== Segment start ==
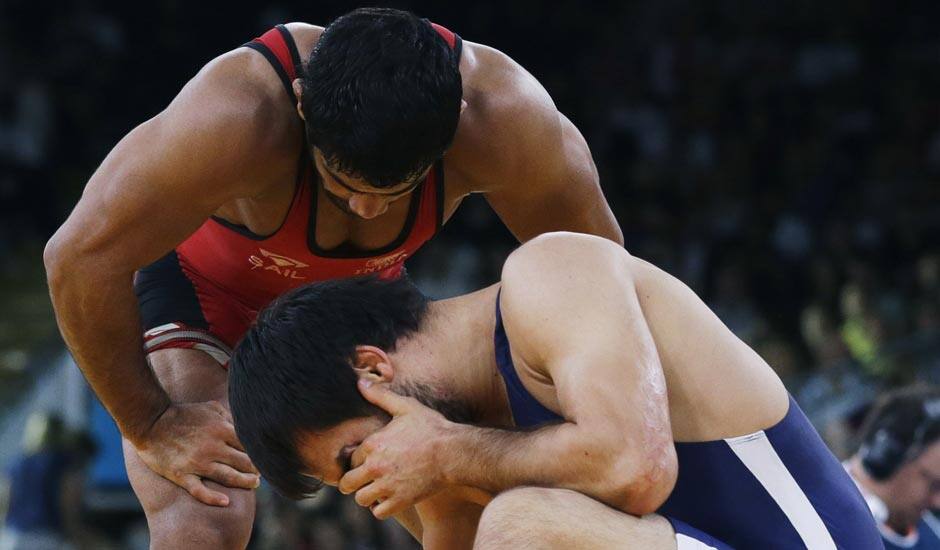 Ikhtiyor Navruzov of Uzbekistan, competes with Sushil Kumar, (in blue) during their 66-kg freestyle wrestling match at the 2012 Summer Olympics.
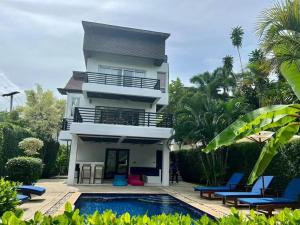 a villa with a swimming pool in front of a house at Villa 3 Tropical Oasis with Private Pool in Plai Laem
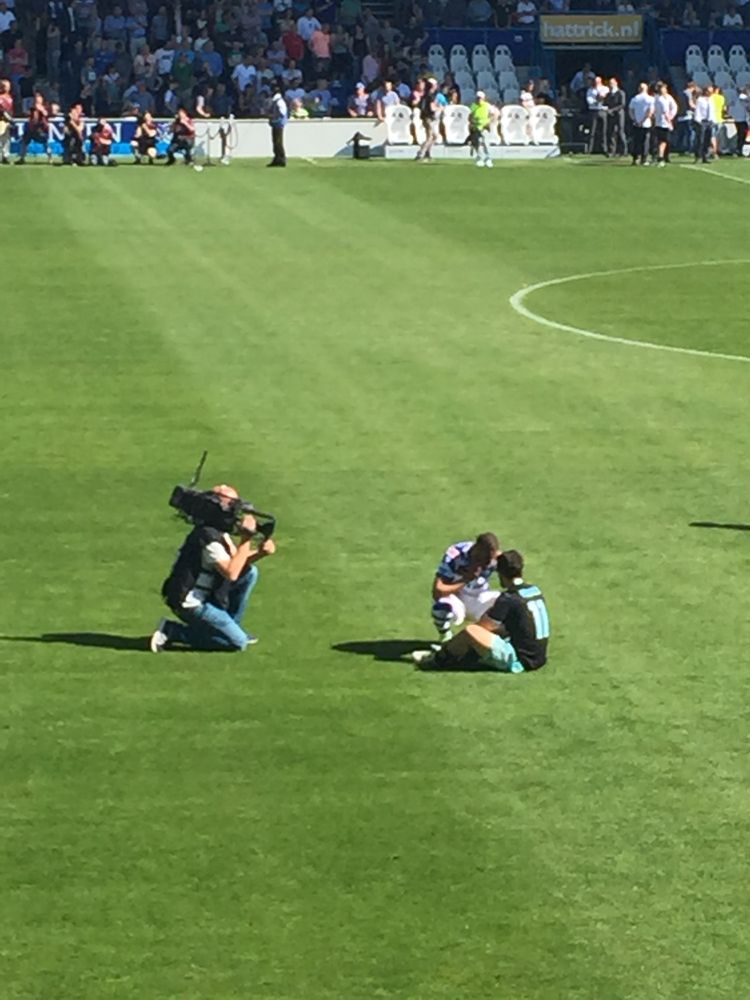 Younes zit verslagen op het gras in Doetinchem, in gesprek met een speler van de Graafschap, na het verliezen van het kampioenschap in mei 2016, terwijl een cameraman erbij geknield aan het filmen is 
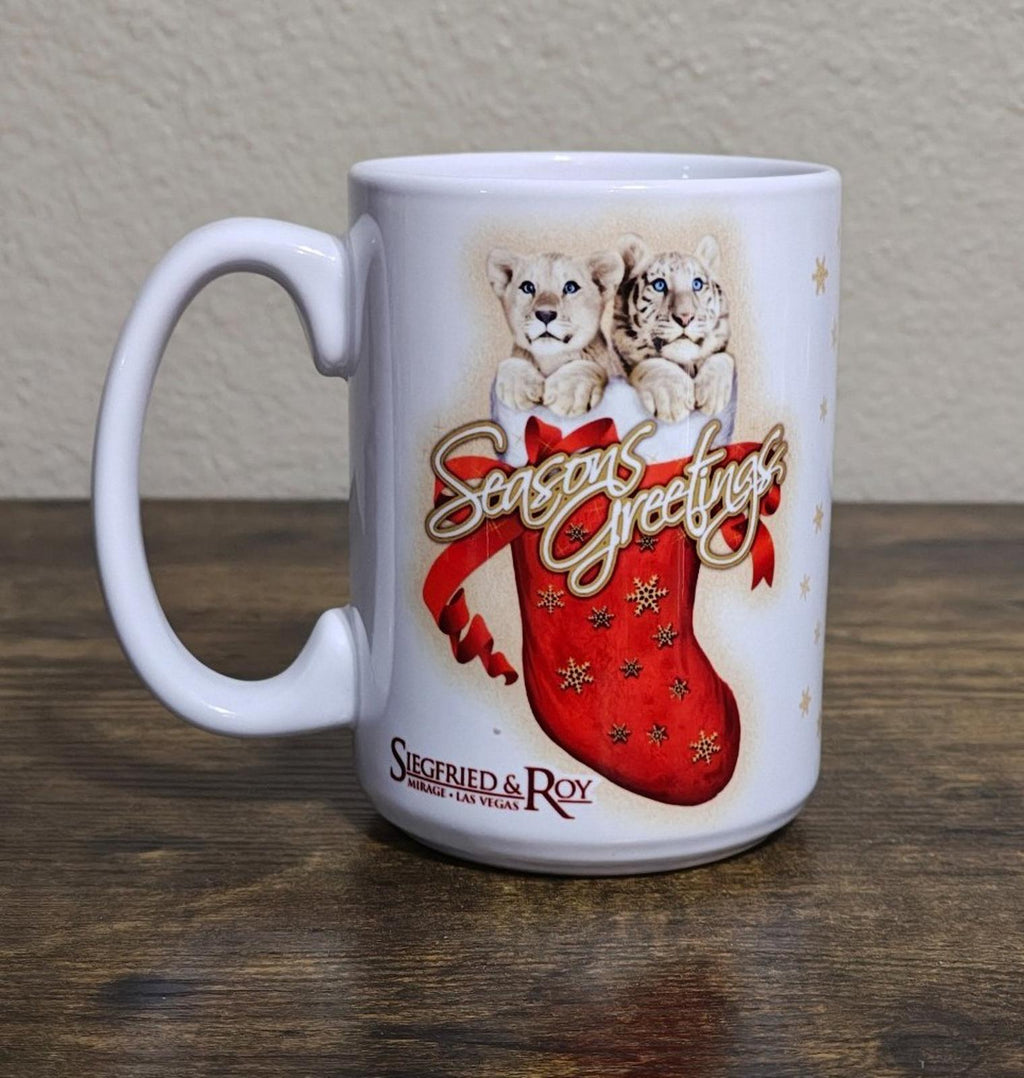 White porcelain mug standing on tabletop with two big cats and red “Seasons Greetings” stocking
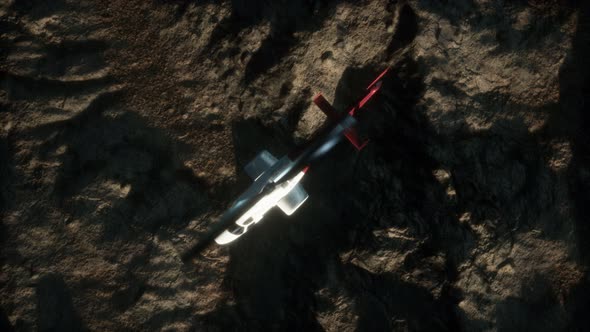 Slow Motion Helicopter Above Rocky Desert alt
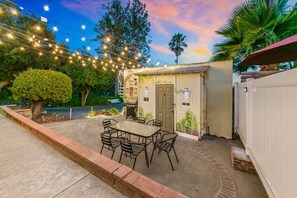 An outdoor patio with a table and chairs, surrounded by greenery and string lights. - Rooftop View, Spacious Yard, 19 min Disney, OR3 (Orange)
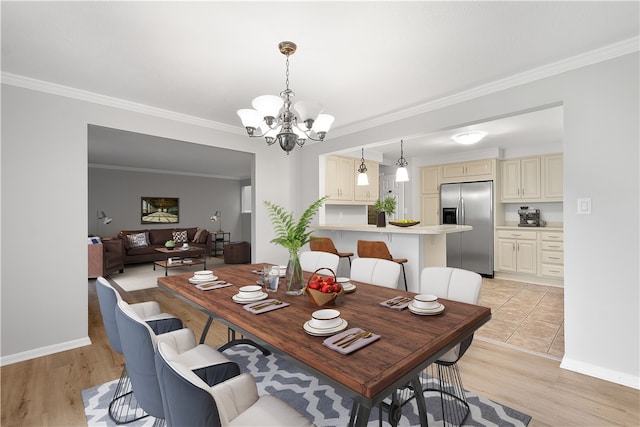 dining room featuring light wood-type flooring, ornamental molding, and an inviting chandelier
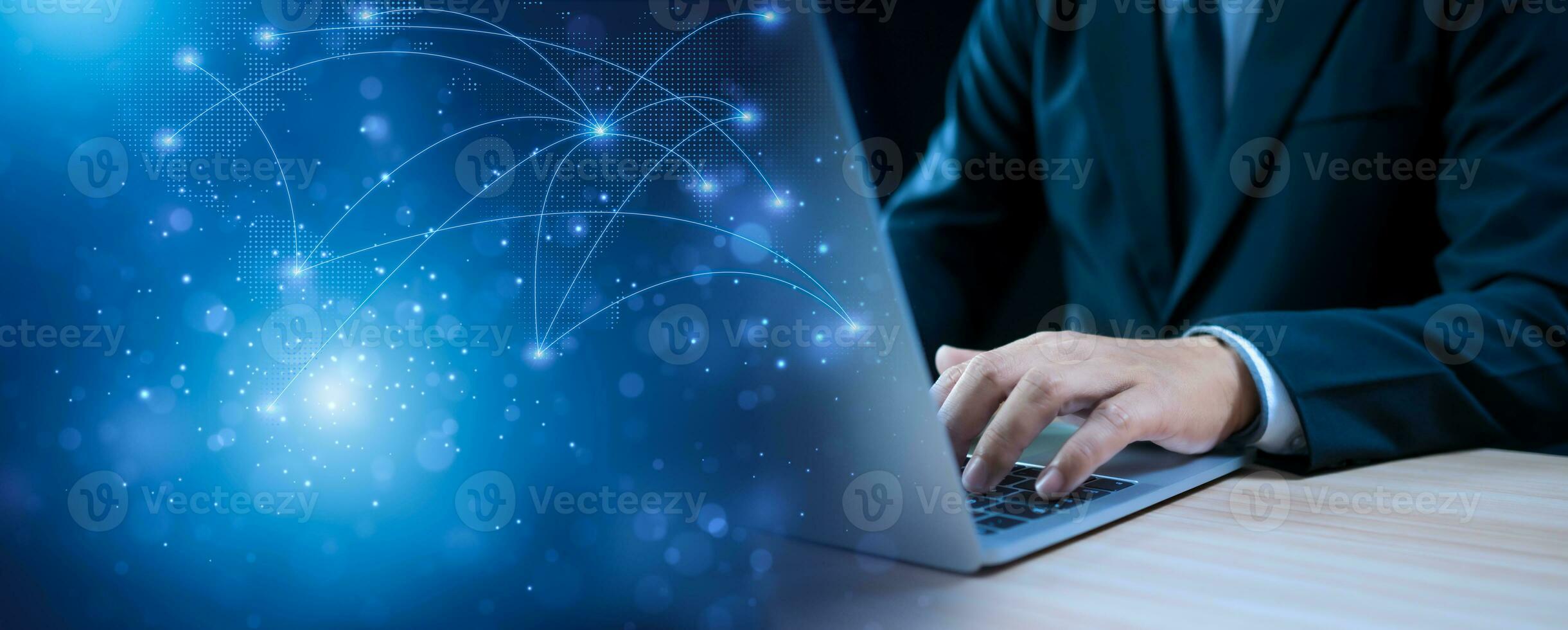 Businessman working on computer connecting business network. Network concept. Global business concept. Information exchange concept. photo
== Segment end ==
» ACTION ITEM:
Repeat each of the records exactly as written, except for the pictures, which are to be left out.

» ANSWER SECTION:
 Ikhtiyor Navruzov of Uzbekistan, competes with Sushil Kumar, (in blue) during their 66-kg freestyle wrestling match at the 2012 Summer Olympics.
 a villa with a swimming pool in front of a house at Villa 3 Tropical Oasis with Private Pool in Plai Laem
 Younes zit verslagen op het gras in Doetinchem, in gesprek met een speler van de Graafschap, na het verliezen van het kampioenschap in mei 2016, terwijl een cameraman erbij geknield aan het filmen is 
 White porcelain mug standing on tabletop with two big cats and red “Seasons Greetings” stocking
 Slow Motion Helicopter Above Rocky Desert alt
 An outdoor patio with a table and chairs, surrounded by greenery and string lights. - Rooftop View, Spacious Yard, 19 min Disney, OR3 (Orange)
 dining room featuring light wood-type flooring, ornamental molding, and an inviting chandelier
 Businessman working on computer connecting business network. Network concept. Global business concept. Information exchange concept. photo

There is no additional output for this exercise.